Tuesday, December 21, 2010 4:39:06 PM by IANS
http://www.thaindian.com/newsportal/business/forcible-debt-recovery-from-vidarbha-farmers-irks-high-court_100477228.html
Nagpur, Dec 21 (IANS) Upset with the harassment of a farmer who had paid double the loan amount as interest payment, the Nagpur division of the Bombay High Court issued notices to top officials of the Maharashtra cooperative society and land development bank against forcible debt recovery from Vidarbha farmers.The court converted the writ petition of a debt-stricken Vidarbha farmer into a public interest litigation (PIL) and issued notices to the Maharshtra government secretary (Cooperation), the Commissioner of Cooperative Societies and the administrator of Maharashtra State Land Development Bank (LDB).

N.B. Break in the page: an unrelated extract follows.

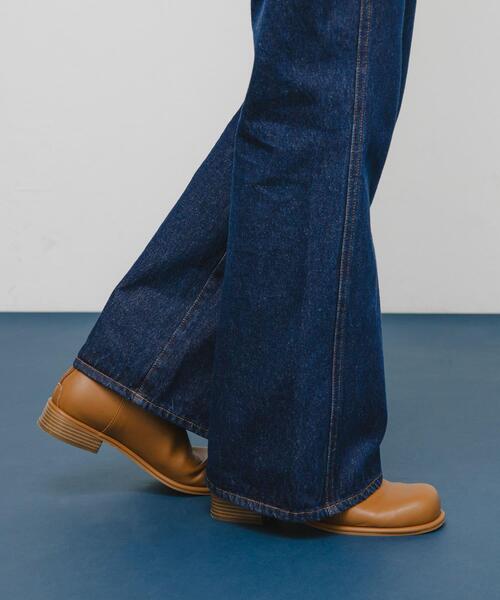 「KBF」 ショートブーツ 37 ブラック レディース_画像4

The division bench of Justice Vijay Daga and Justice Arun Choudhri has observed on the writ petition of Prashant Ingale, a farmer from Tigaon in Wardha district, that farmers pay interest on loans that exceeds the loan amount itself.
“I had quoted, in my writ petition, the Supreme Court’s earlier reported judgment barring banks from charging interest more than the loan amount,” said Ingale.
“Moreover, this is illegal as per the Cooperative Societies Act, 1960. There is a provision in the act against Damduppat (interest amount double than the basic loan amount) that says all recoveries should be stopped with immediate effect,” he explained.
After the hearing on the PIL, the division bench has asked all official parties to submit a reply within two weeks.
“What shocked the judges was that the state-owned LDB did not follow the rules laid down in the Cooperative Societies Act and charged more than 17 percent interest,” said Kishor Tiwari, president of Vidarbha Jan Andolan Samiti, an NGO that is spearheading a campaign against the Land Development Bank’s forcible recovery drive.
Ingale’s affidavit said that his father Purshottam had taken a loan of Rs.290,000 in 2001 from the LDB by pledging his 22-acre farm land.
“As per the latest recovery notices served to his son Prashant, an amount of Rs.609,891 has already been paid to the bank,” Tiwari said.
“Yet, the bank has sent him a notice for the recovery of Rs.291,387. The bank has also arranged for the auction of all movable and immovable property belonging to Ingale,” Tiwari added.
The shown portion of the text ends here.